ARBA 1/48 Heinkel Wespe






see review


Allan Wanta


Resin kit




  The Heinkel designers were busy near the end of the Second World War churning out possibilities to help turn the tide of the conflict to their advantage. One such design was a point defense fighter with the ability to take off vertically strike it’s intended airborne target, and then return to earth landing in a vertical posture, a daunting task, even today. This particular design utilized some unknown turbojet engine coupled to a 6 bladed drive ring within a ducted fan structure. It was unlikely this aircraft would have ever made it to the prototype stage as too many other projects promised more hope.

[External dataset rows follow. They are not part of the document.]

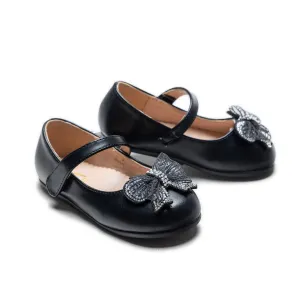 Black Charlotte Ribbon Flats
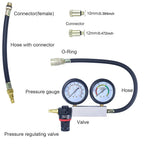 Cylinder Leak Down Tester Kit, Engine Cylinder Leakage Detector Dual Pressure Gauges 0‑40PSI, Compression Leak Test Tool for Car Truck Petrol Engine, with Quick Connect Fittings for Piston Ring, Valve, Head Gasket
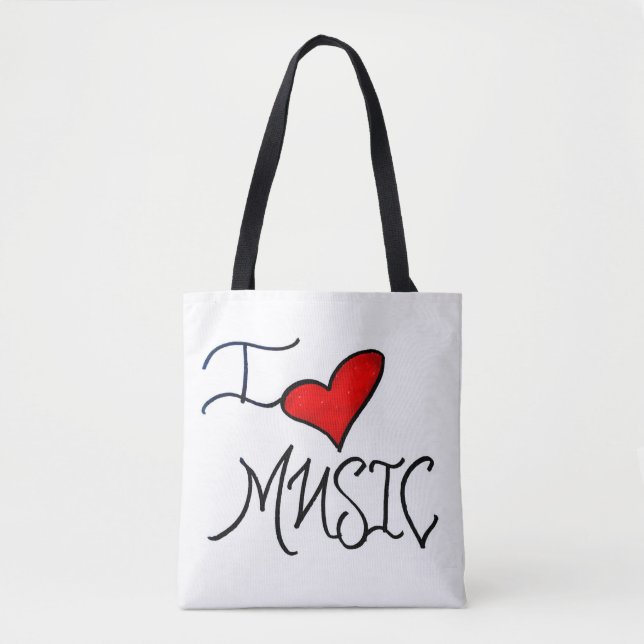 Tote Bag I Love Music (Devant)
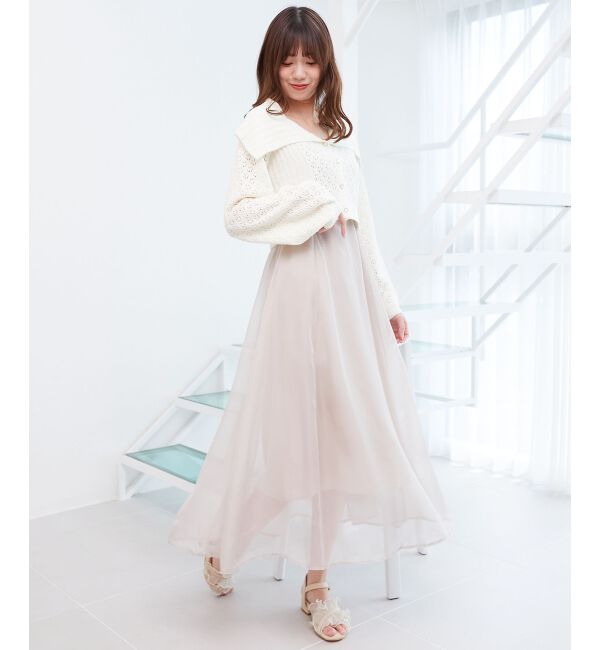  「ビッグカラー透かしニットカーデ」|カーディガン|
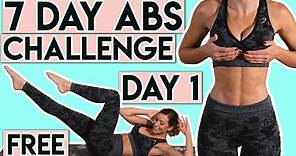 7 Day Beginner Core Challenge | Flat Tummy Exercises | Day 1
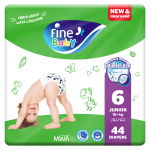 Fine Baby junior Diapers ,  Double Lock Mega  Pack ,Size 6, 16+ Kg, 44 Diapers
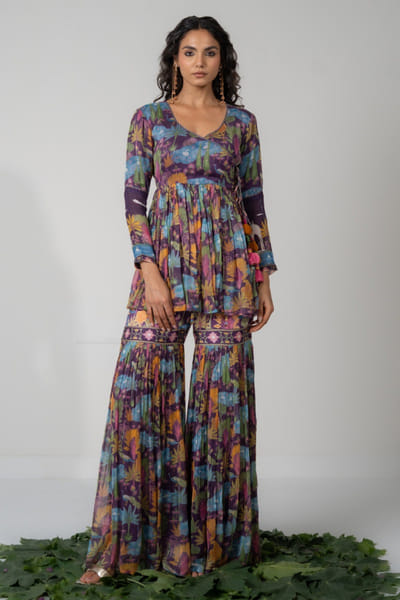 Baise Gaba Purple printed gharara set BAISJUN26D146791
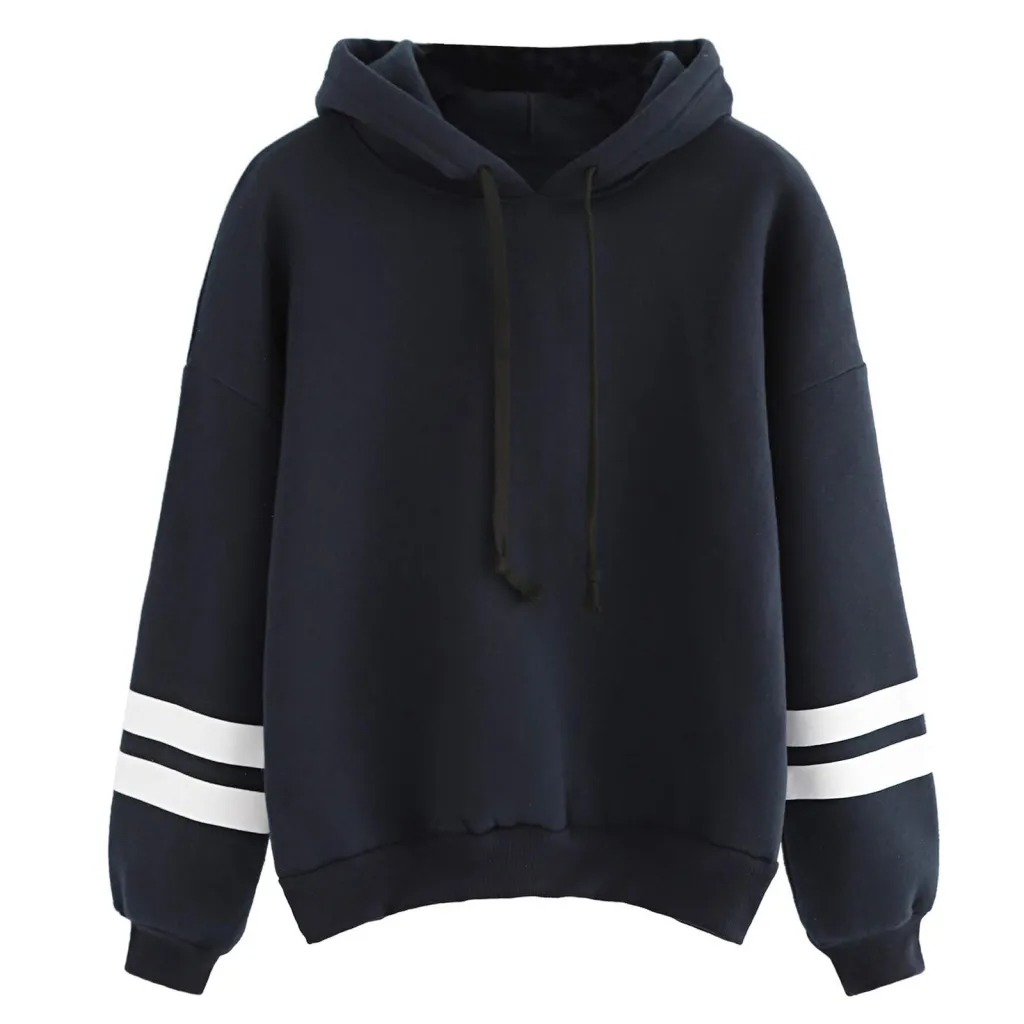 Ladies fashion hooded striped sweater - Dark Blue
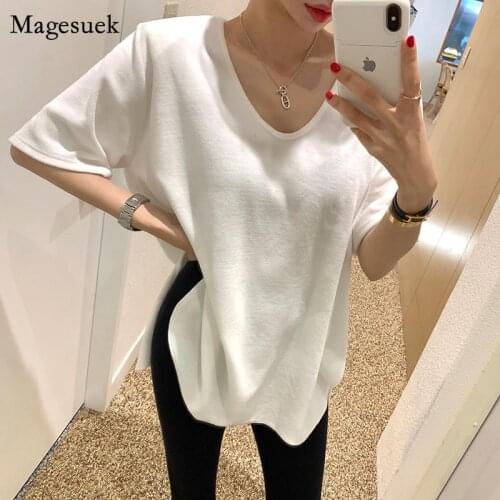 Korean Loose Short-sleeved T-shirt Summer New Ins Style Split Arc Design Wild Round Neckbottoming T-shirt Solid Color Tee 13554
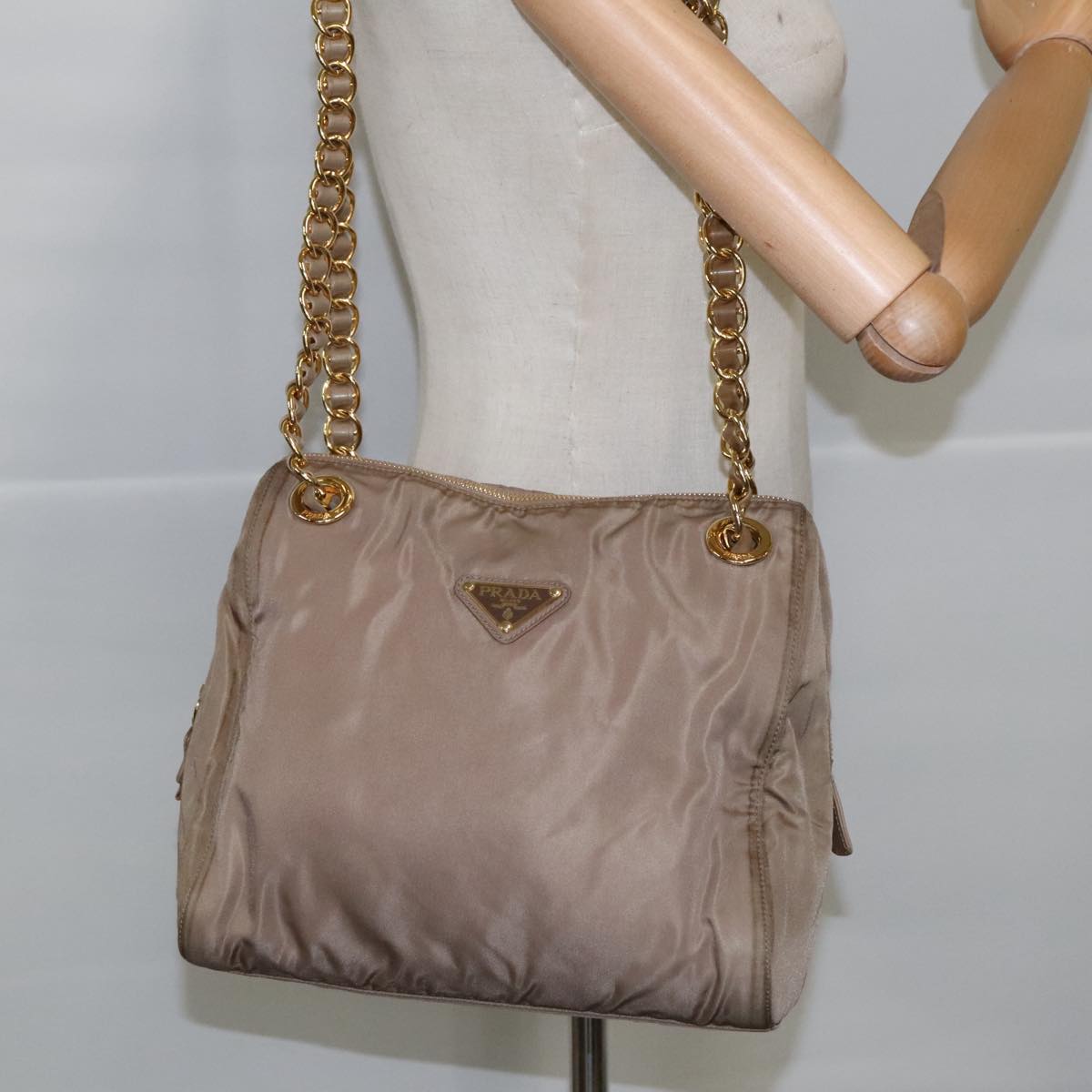 PRADA Chain Shoulder Bag Nylon Beige Gold Auth 92165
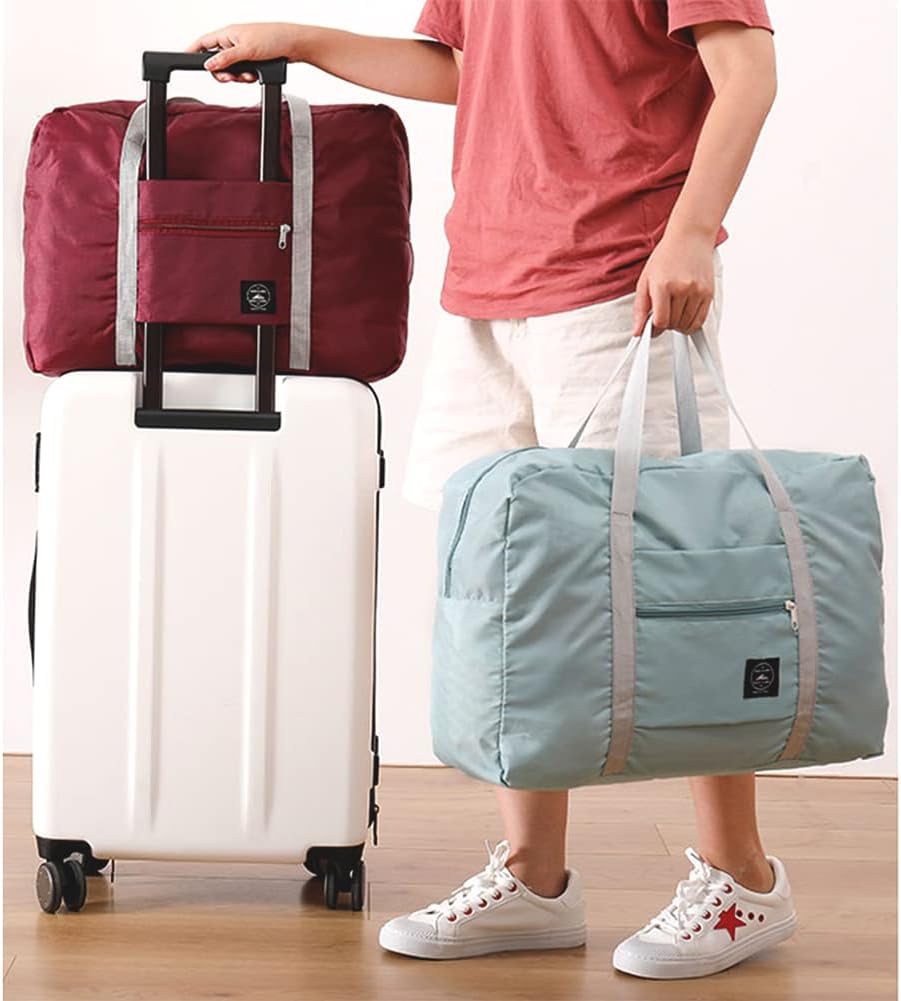 Foldable Travel Duffel Bag Tote Carry on Luggage Bag Spirit Airlines Personal item Sports Gym Bag Water Resistant Weekender Overnight Bags for Women and Men (Blue)
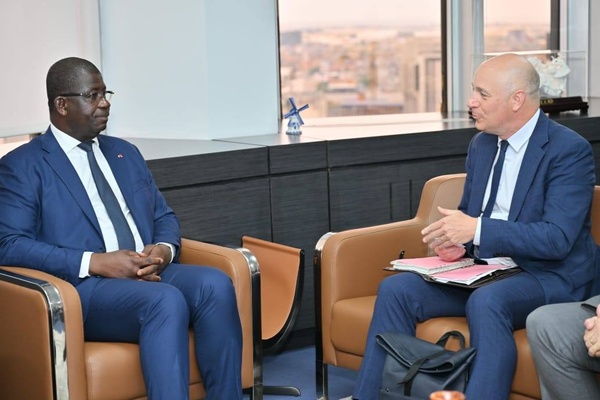 Métro d'Abidjan : le ministre Hien Sié reçoit le directeur du groupe Setec © Crédit photo DR - Yessouan.ci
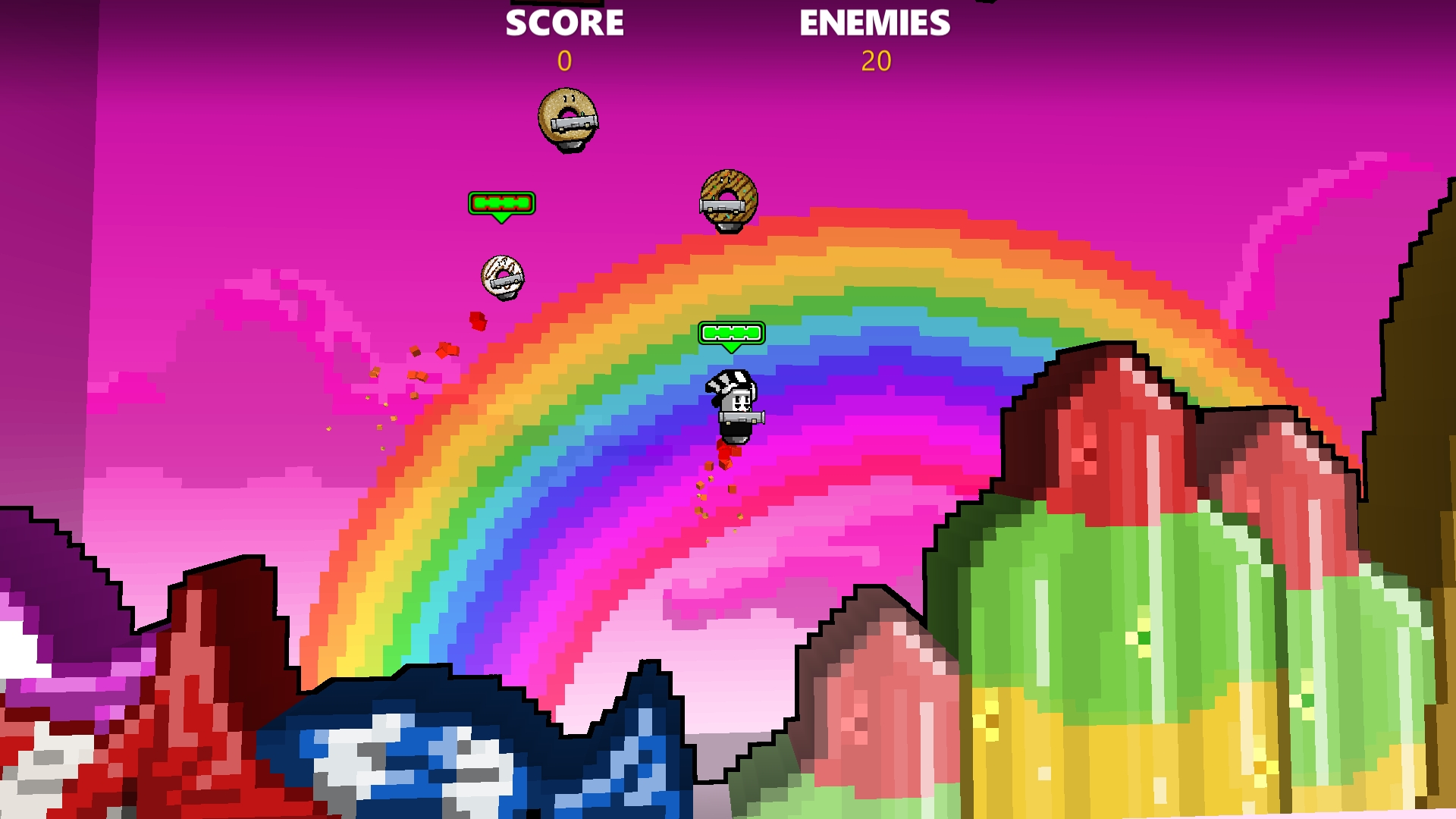 The pixel art of Rocket Riot is very colorful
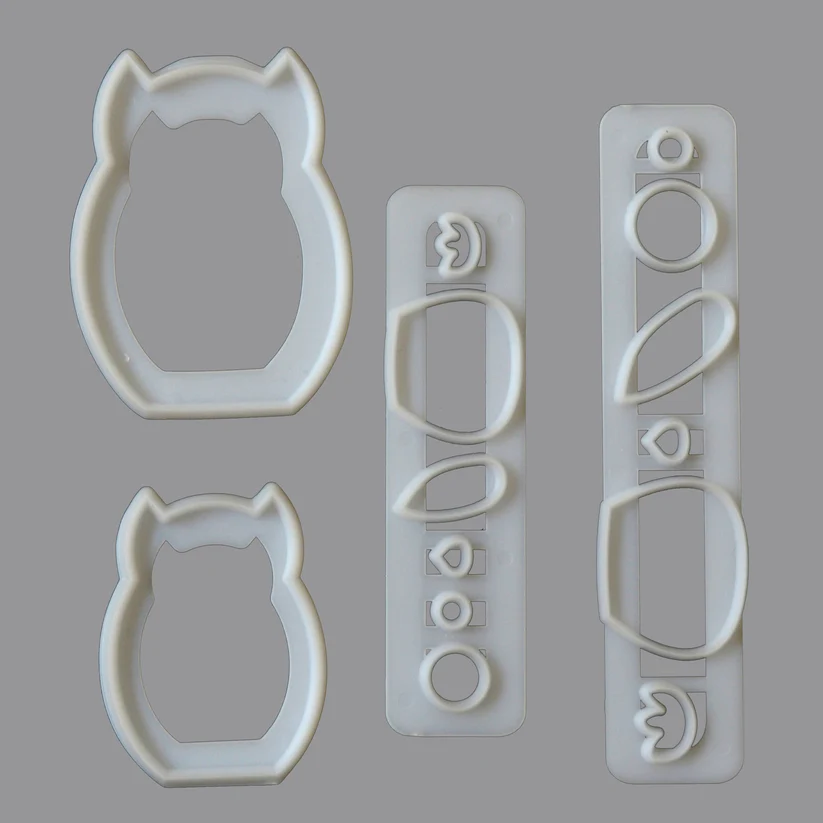 set 4 plastic cutters to cut owl bodies, beaks and feet by FMM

    This was a sight unseen purchase that arrived from Hannants, very quickly I might add, the package resplendent with green US Customs tape. Let me tell you about the kit, since Customs has already had their look at it.

  Same box as every other ARBA kit, whether the massive BV-155 or the smallest conversion, complete with a color picture of the completed model. Our task is to try to get the parts in the box to look something like that photo. Step one; look at the one page instruction sheet, read the short history and the even shorter construction description. Step two, look at the small number of pieces that it takes to make this kit and wonder why you paid that much for this kit. “It’ll only take a weekend” I said to myself, with the normally quality minded folks at ARBA making this kit; “it should be a no-brainer to assemble”. Yeah, right.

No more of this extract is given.